Commander Supporting Taliban Defects
By Doug Struck - Washington Post Foreign Service, Sunday, November 4, 2001
TASHKENT, Uzbekistan, Nov. 3 -- The American bombardment began to show some results Friday when a commander fighting with the Taliban defected, bringing with him 1,350 fighters and control of several towns in northern Afghanistan, according to the commander and other rebel officers.
"I didn't want the fighting to destroy the country. I wanted to surrender in peace," the commander, Mohammed Hasham Habib Gorzovani, also known as Hasham Khan, said by telephone today.
Habib said through an interpreter that some villagers are turning against the Taliban, capturing or killing them. That assertion could not be verified.
Another commander of the Afghan rebel forces said today their fighters had captured 200 Taliban soldiers and that 800 local residents had joined the forces of the Northern Alliance following a four-hour fight Friday in the village of Aq Kopruk, about 18 miles south of Mazar-e Sharif. Territorial gains appeared minimal, however.
"The Taliban counterattacked five times, and failed each time. But the fighting is continuing," said Kurdratulla Umar, an officer with the forces of Attah Mohammad, whose line extends to within five miles of the key northern city.
These accounts suggest cracks in the defenses, but the Taliban remains a formidable force that has not crumbled under the U.S. bombing nor the attacks by the Northern Alliance.
"The Taliban's front line is increasing," said Mukhammad Unus Konuni, an official of the Northern Alliance reached by telephone in Afghanistan. "The number of Pakistanis who are coming to help the Taliban is increasing every day. They come with new equipment to fight.
"It's good the Americans are bombing, otherwise they could attack us," Konuni said. "The American planes have been massively bombing their front lines, with obvious results."
American strategists hoped that the steady building of pressure on the Taliban would result in wholesale defections by local commanders, renowned for their fast-changing loyalties.
Habib, who switched sides Friday, has done so before. He was a top commander with Abdurrashid Dostum, a local warlord now fighting with the Northern Alliance, until Dostum fled to Turkey in 1999. Habib and his men continued fighting in the mountains for about six months, and then, fearing Dostum's enemies within the Northern Alliance, elected to join the Taliban.
"I had to join the Taliban," he said. "My men were starving in the mountains."
But Friday, with a lull in the fighting, he negotiated by radio with Dostum, his old general who returned to Afghanistan six months ago to take up the fight.
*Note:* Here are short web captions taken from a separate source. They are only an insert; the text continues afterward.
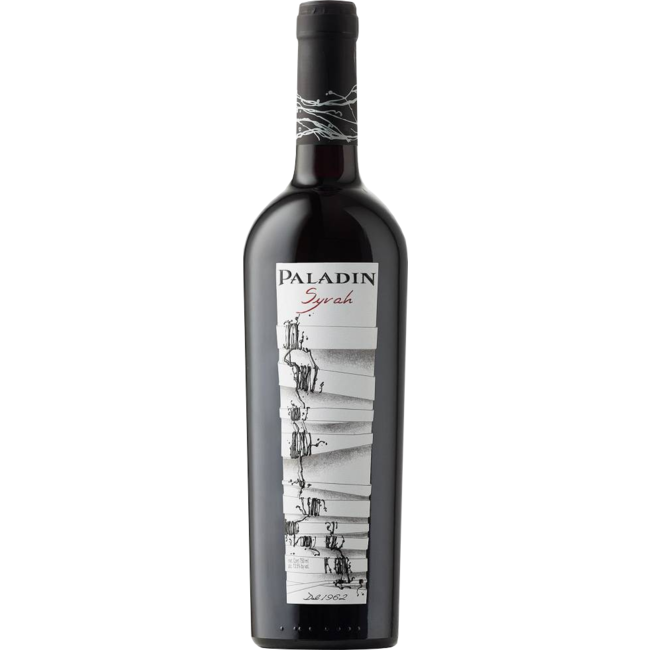 Paladin Syrah Tramarossa - Veneto, Italië
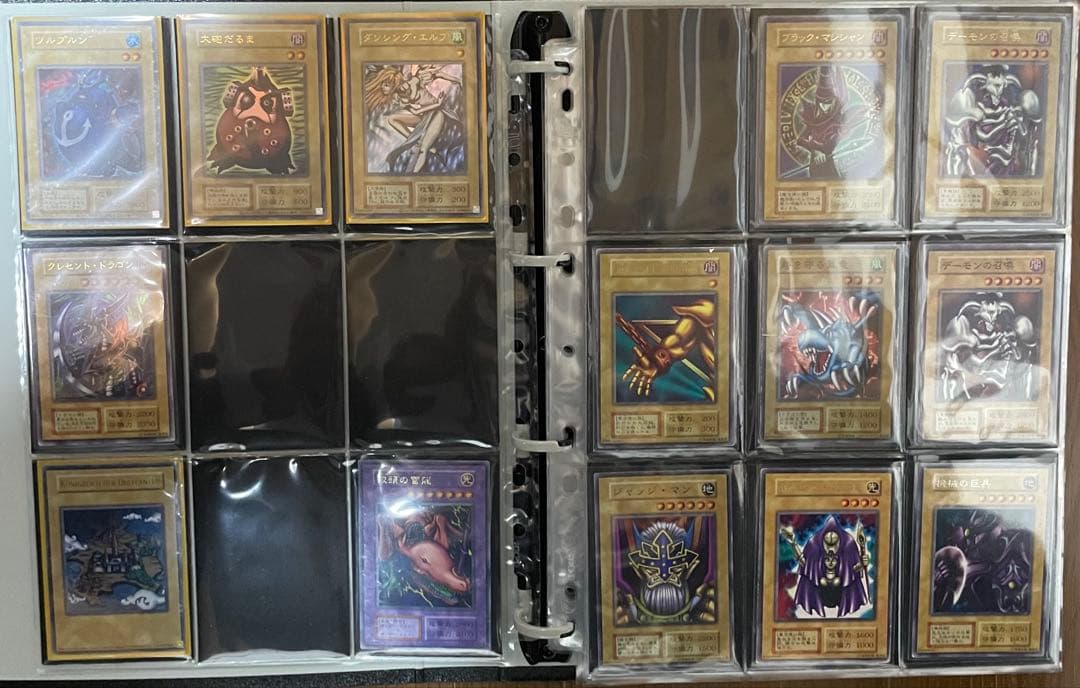 遊戯王　初期　二期　まとめ売り　引退品　カード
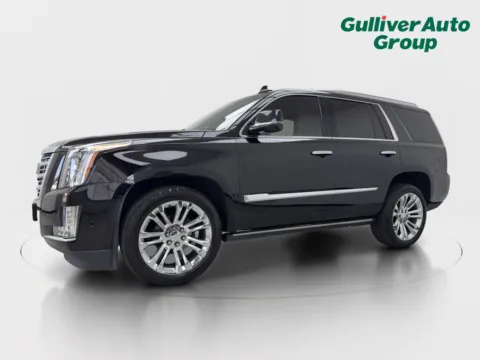 Photos of 2019 Cadillac Escalade Platinum Edition for sale in Plano, TX at Gulliver Auto Group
Habib defected with about 1,000 men, the bulk of what is called the 35th Army.
They surrendered to Attah Mohammad's Northern Alliance forces in the town of Meymaneh, midway on the road between the western city of Herat and Mazar-e Sharif in the north. They turned over several surrounding villages, including Belcheragh, Kata Kala' and Pastun Kut.
At the same time, another contingent of Habib's army, consisting of 350 men near the Panj River border with Tajikistan, defected, turning over the village of Emam Saheb just north of Kunduz. The area recently had been bombed heavily by U.S. planes, Habib said.
"It is a great success to have Hasham Khan [Habib] on the government side," said Konuni. "He has a lot of people in a lot of places, so he is a great asset. We hope he can carry the invasion to other spots."
Already, his forces had been put back on the lines to fight the Taliban, their allies of two days ago, according to Umar. "Since he's been with us, he's been busy," Umar said late this evening.